- _Supplied information_
▼

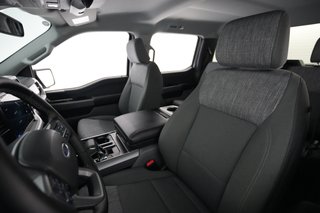 2023 Ford F-150 Lightning — photo 3 of 18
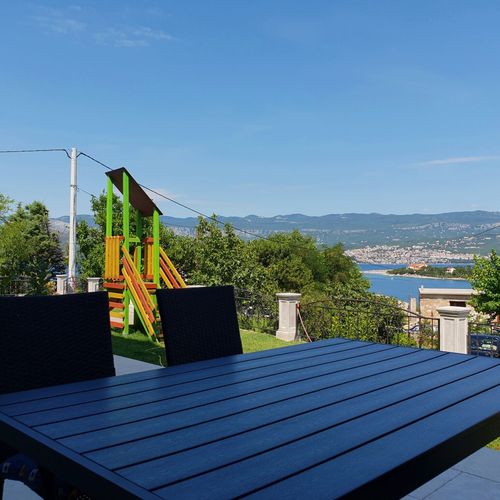 Apartament cu aer condiționat cu vedere spre mare cu 2 camere pentru 4 pers.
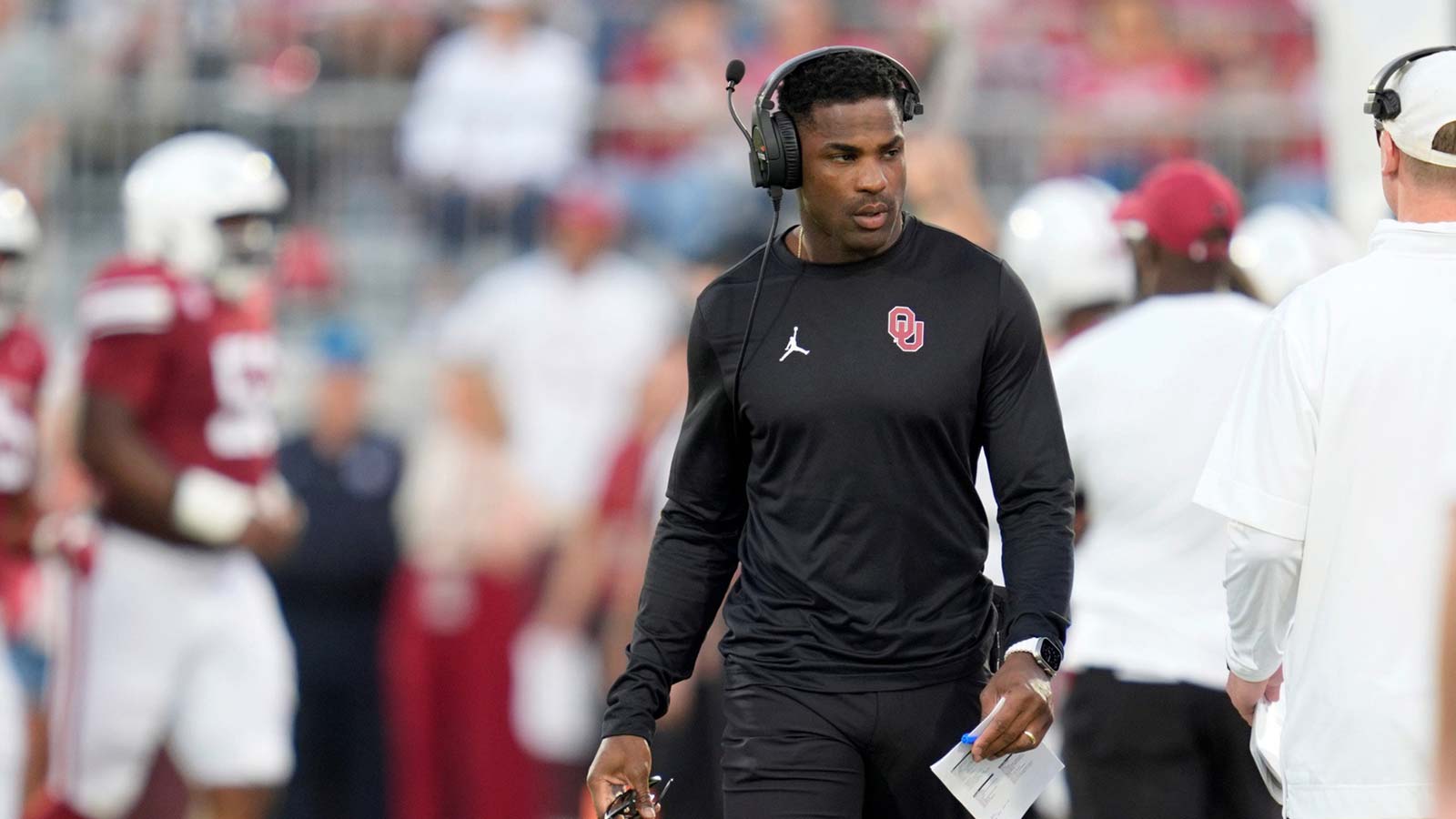 Oklahoma running backs coach DeMarco Murray walks on the sideline during a college football game between the University of Oklahoma Sooners (OU) and the Houston Cougars at Gaylord Family – Oklahoma Memorial Stadium in Norman, Okla., Saturday, Sept. 7, 2024.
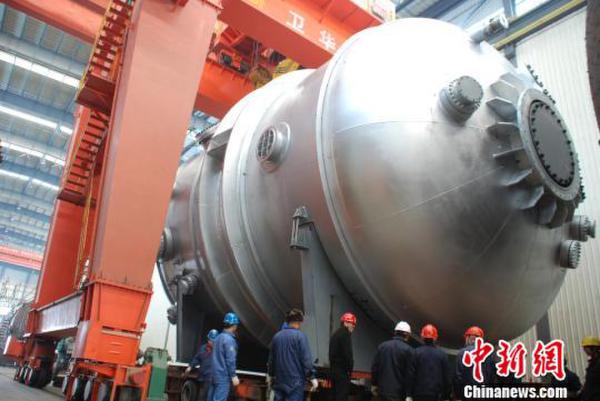 图为公司生产的120万吨/年PTA氧化反应器，目前制造水平已经达到可生产超过200万吨/年的PTA氧化反应器。 宝色股份 供图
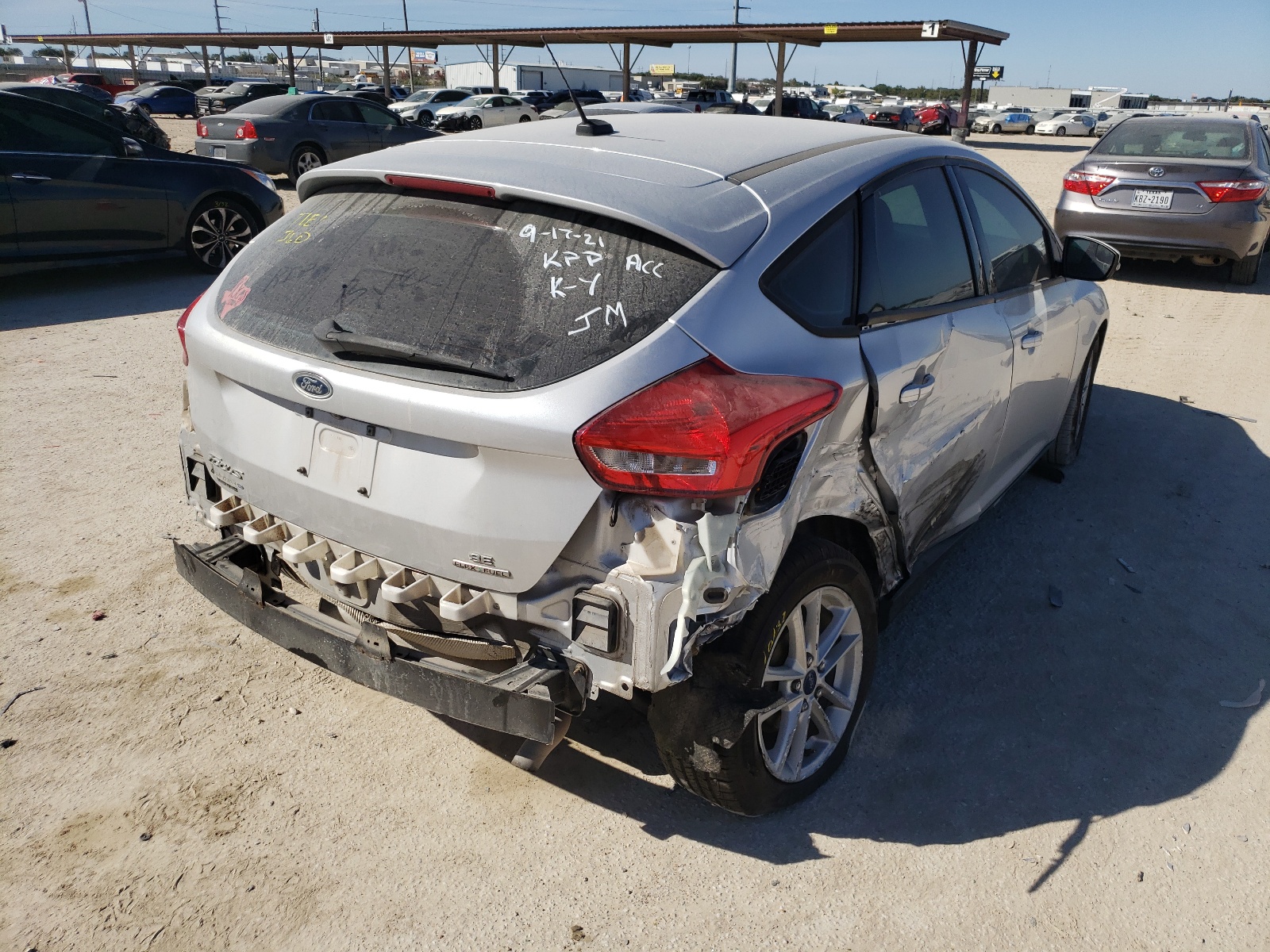 Фото 4 с аукциона – 2015 FORD FOCUS SE с VIN 1FADP3K25FL234967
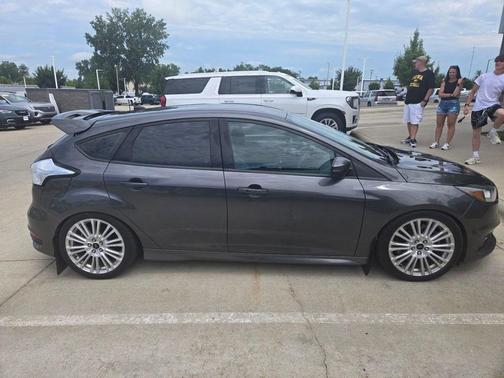 2017 Ford Focus ST Base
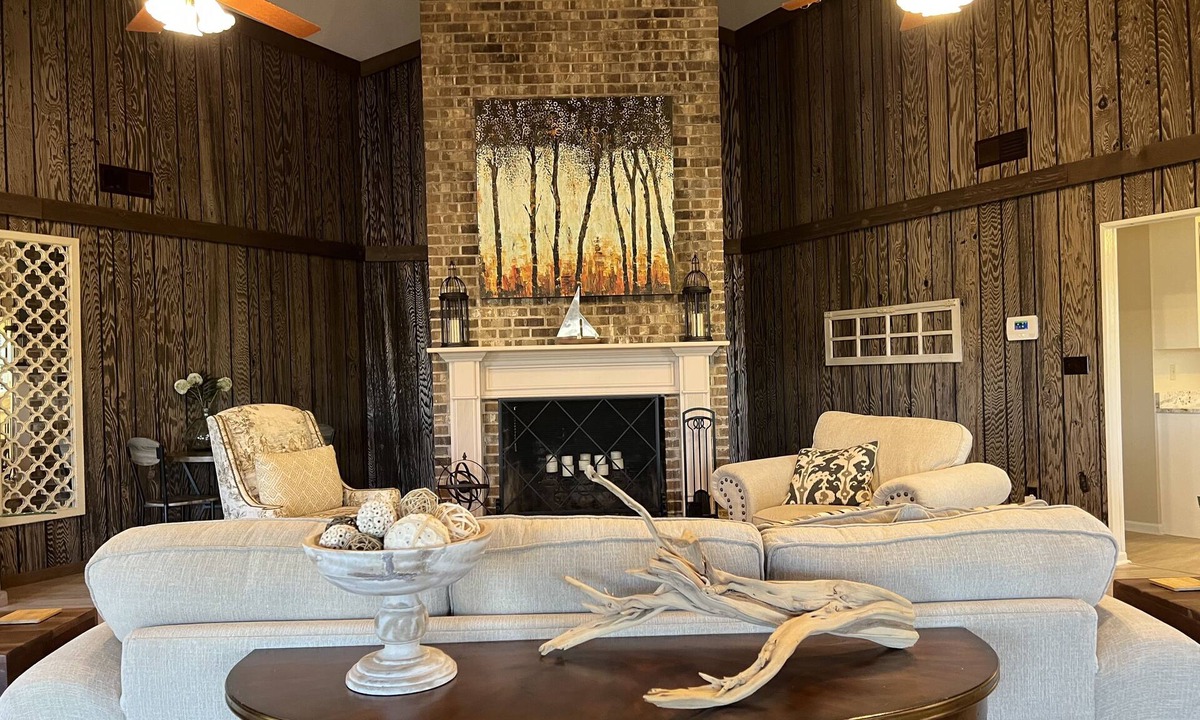 Northport House | Beautiful Lake Front Home with Amazing Views Located Just 15 miles to UA.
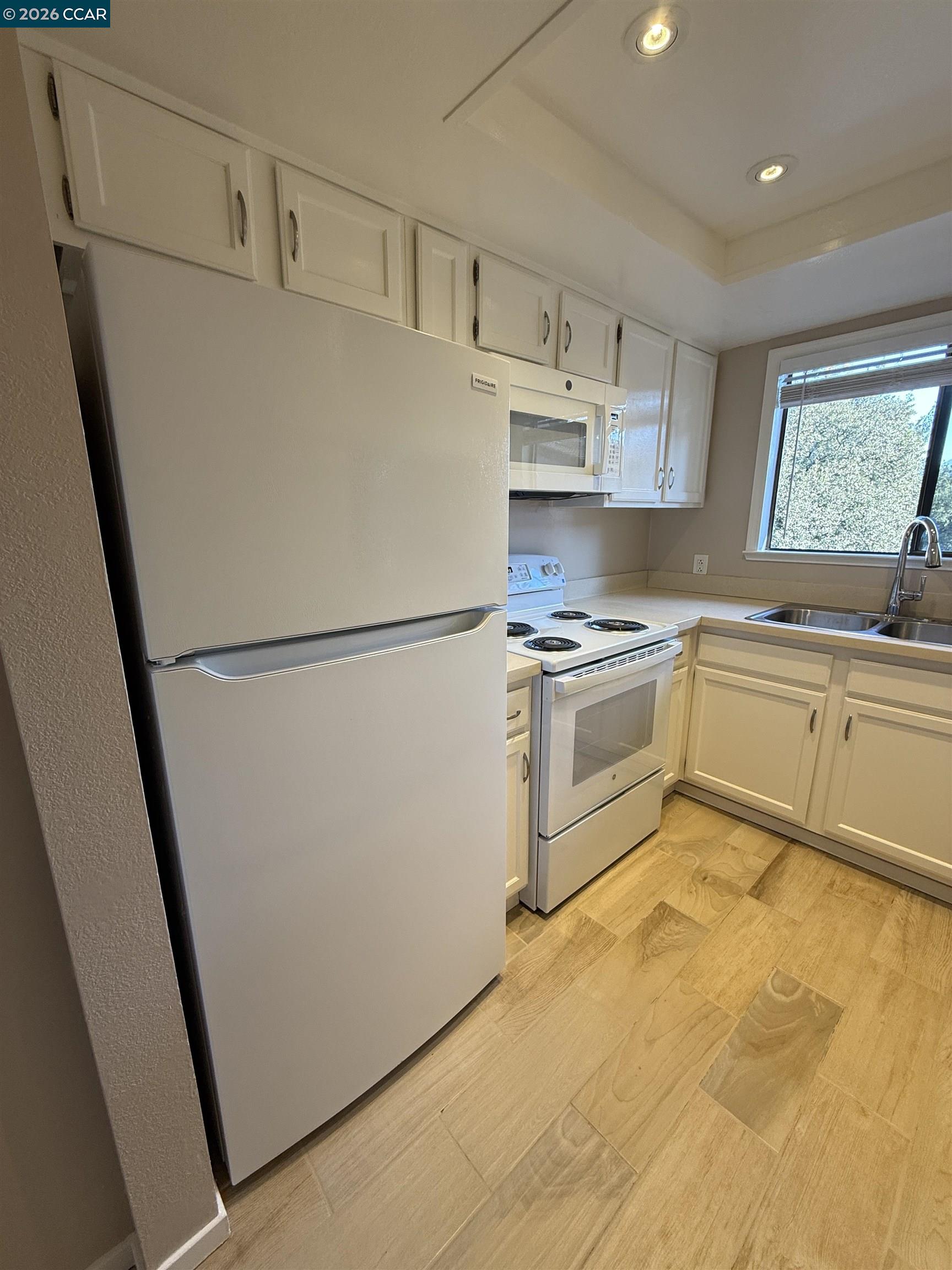 Photo #2: 41120615 Listing: Photo #2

▲

Above are the records; copy every one of them exactly and omit the images.

- _Solution to the problem_
 2023 Ford F-150 Lightning — photo 3 of 18
 Apartament cu aer condiționat cu vedere spre mare cu 2 camere pentru 4 pers.
 Oklahoma running backs coach DeMarco Murray walks on the sideline during a college football game between the University of Oklahoma Sooners (OU) and the Houston Cougars at Gaylord Family – Oklahoma Memorial Stadium in Norman, Okla., Saturday, Sept. 7, 2024.
 图为公司生产的120万吨/年PTA氧化反应器，目前制造水平已经达到可生产超过200万吨/年的PTA氧化反应器。 宝色股份 供图
 Фото 4 с аукциона – 2015 FORD FOCUS SE с VIN 1FADP3K25FL234967
 2017 Ford Focus ST Base
 Northport House | Beautiful Lake Front Home with Amazing Views Located Just 15 miles to UA.
 Photo #2: 41120615 Listing: Photo #2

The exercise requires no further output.